> [What to do]
Below are some entries. Transcribe the lines from the one holding "Limited Edition CLE" to the one holding "Weekly Seven Stud", inclusive, but not the pictures among them.

> [Dataset records]
════
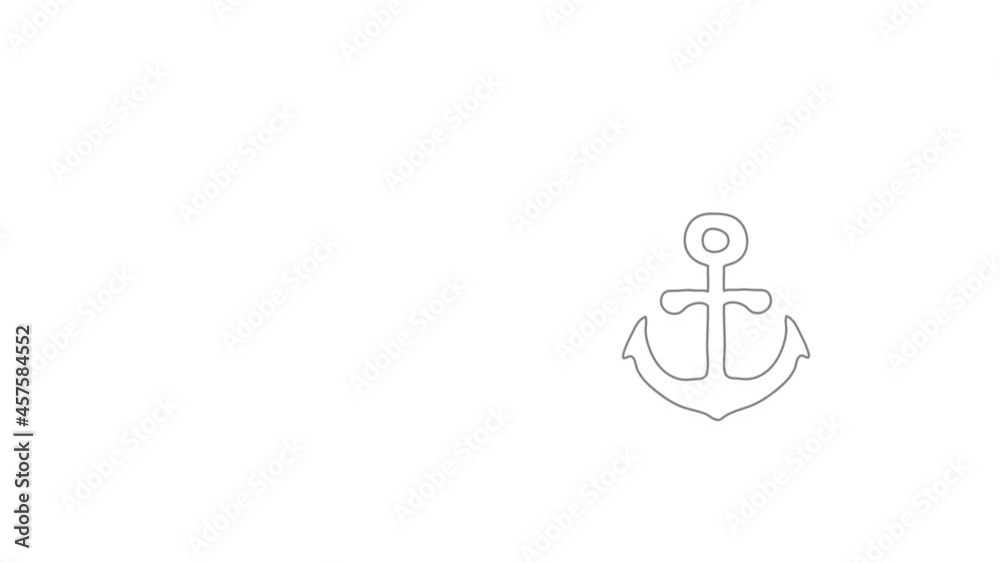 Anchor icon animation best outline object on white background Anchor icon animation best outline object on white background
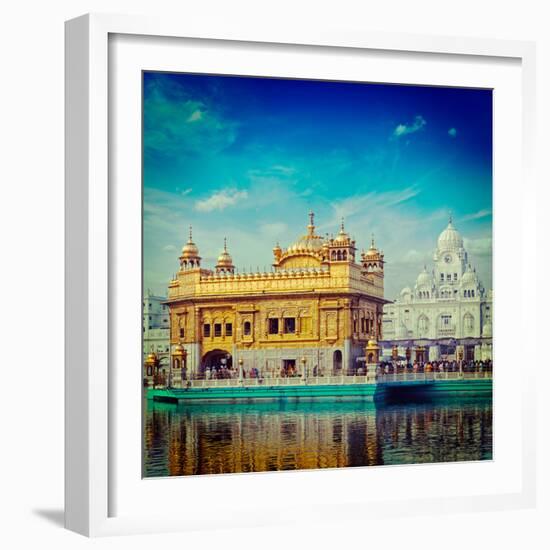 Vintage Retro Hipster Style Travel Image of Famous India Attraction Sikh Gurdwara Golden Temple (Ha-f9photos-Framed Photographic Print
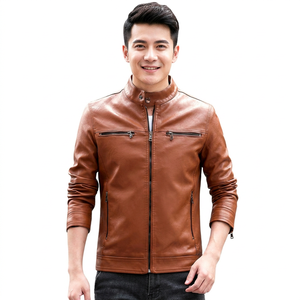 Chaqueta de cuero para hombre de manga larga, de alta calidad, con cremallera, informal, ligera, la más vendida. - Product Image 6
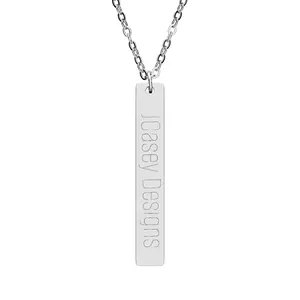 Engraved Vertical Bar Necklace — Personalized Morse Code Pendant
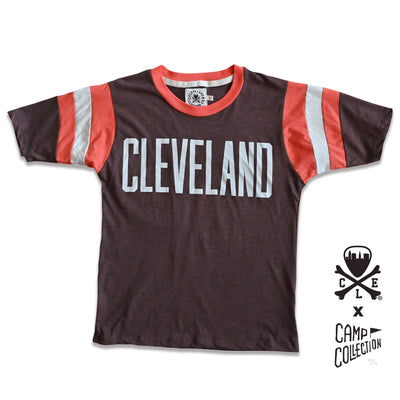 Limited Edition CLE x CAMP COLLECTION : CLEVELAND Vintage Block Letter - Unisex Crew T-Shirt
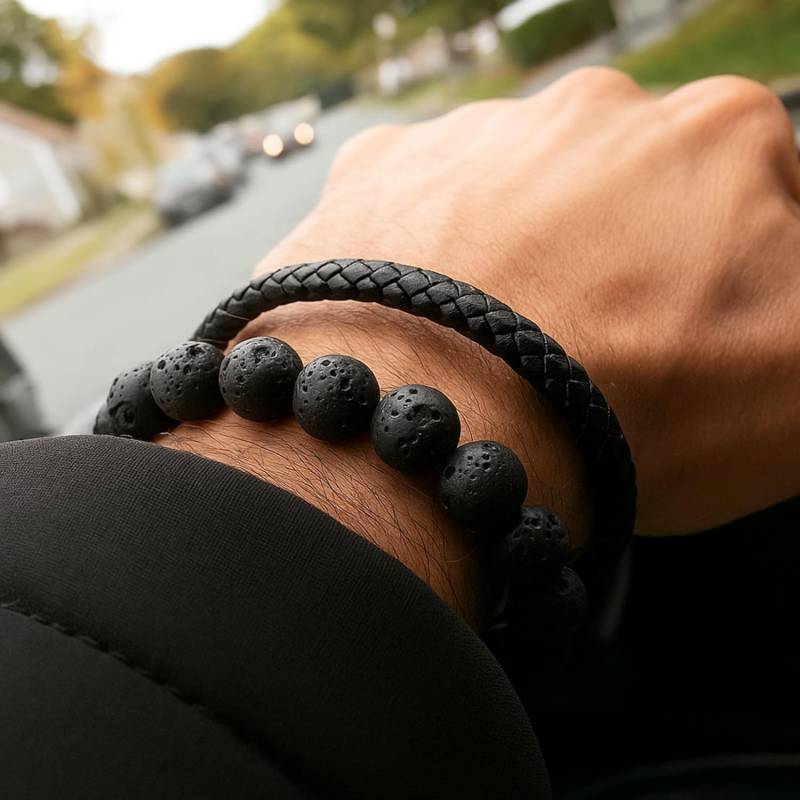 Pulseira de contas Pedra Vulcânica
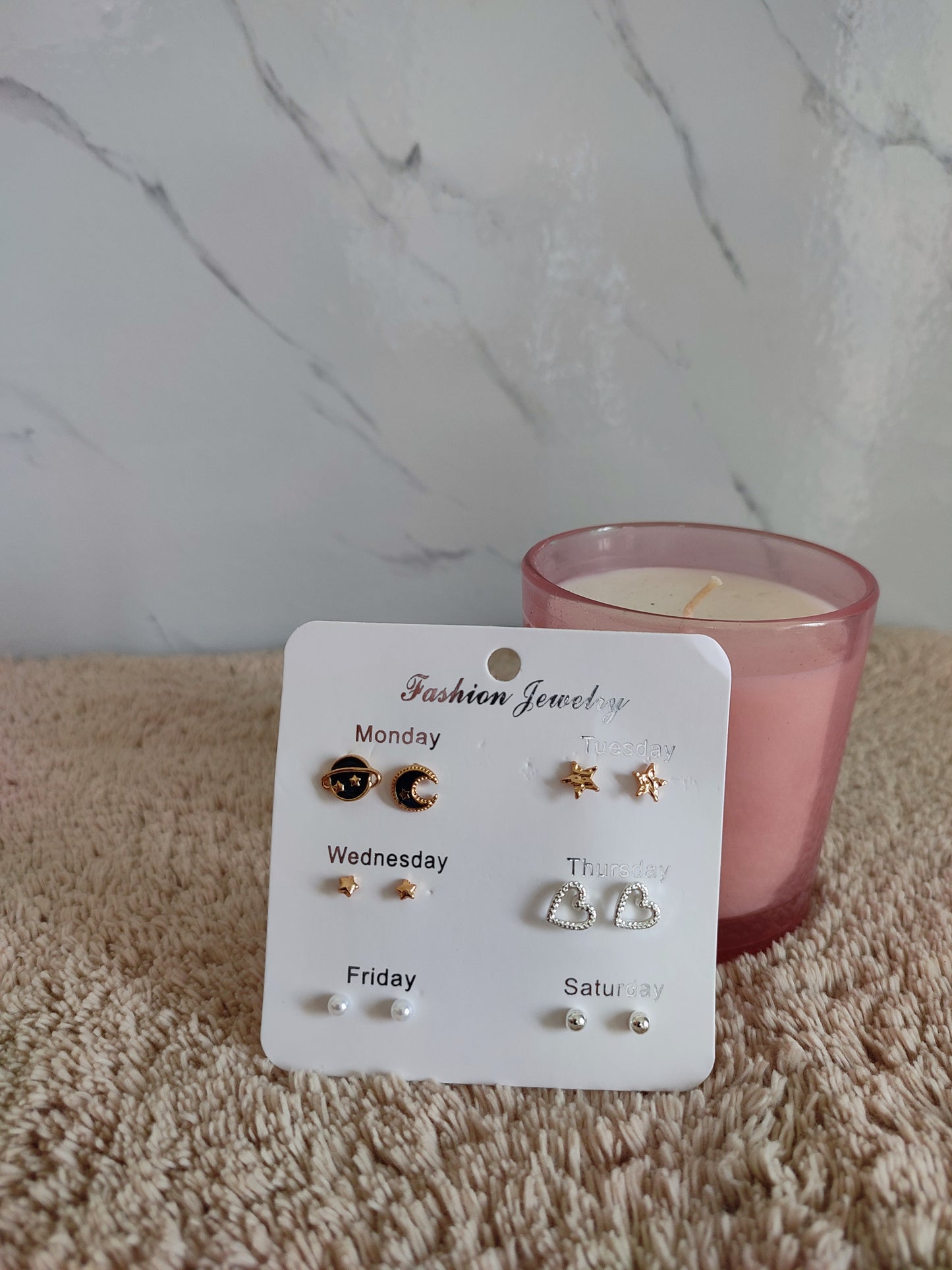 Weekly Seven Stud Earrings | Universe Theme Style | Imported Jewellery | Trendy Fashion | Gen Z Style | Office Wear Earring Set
════
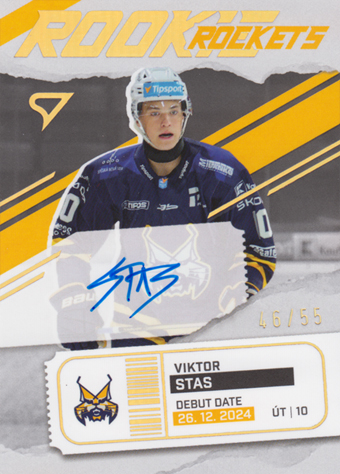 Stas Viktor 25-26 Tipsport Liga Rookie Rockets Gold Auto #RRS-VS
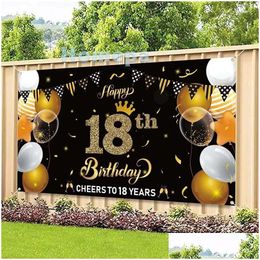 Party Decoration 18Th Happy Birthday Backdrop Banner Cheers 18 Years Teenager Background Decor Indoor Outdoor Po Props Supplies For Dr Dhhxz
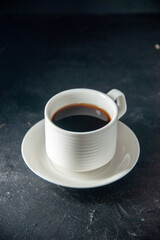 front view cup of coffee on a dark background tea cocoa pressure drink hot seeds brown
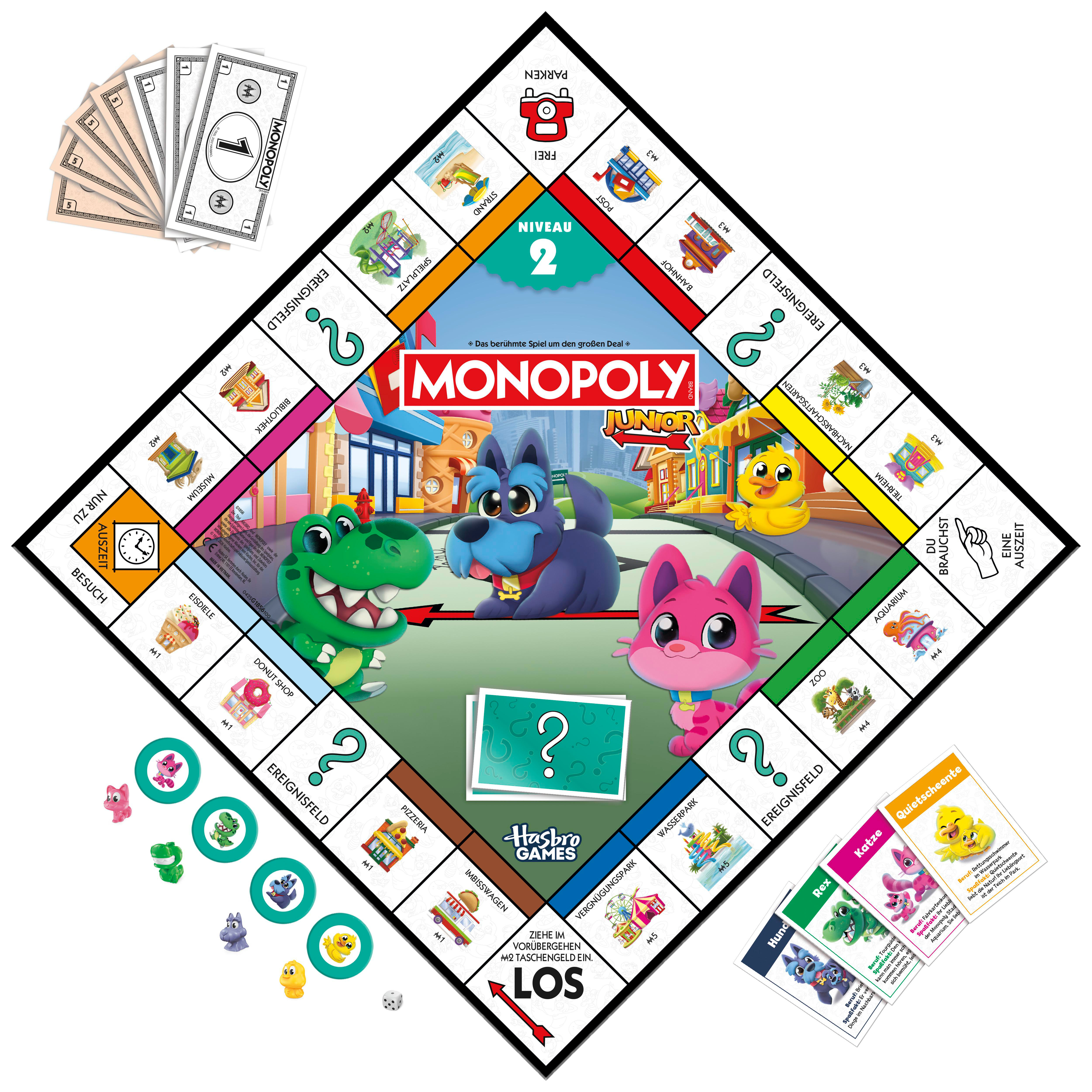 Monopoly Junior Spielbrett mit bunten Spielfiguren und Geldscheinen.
════
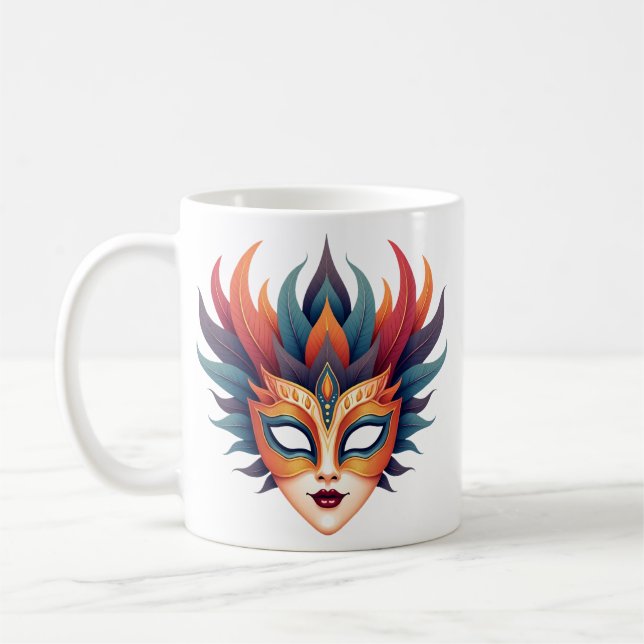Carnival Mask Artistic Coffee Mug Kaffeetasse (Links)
════
> [Solution for this exercise]
 Limited Edition CLE x CAMP COLLECTION : CLEVELAND Vintage Block Letter - Unisex Crew T-Shirt
 Pulseira de contas Pedra Vulcânica
 Weekly Seven Stud Earrings | Universe Theme Style | Imported Jewellery | Trendy Fashion | Gen Z Style | Office Wear Earring Set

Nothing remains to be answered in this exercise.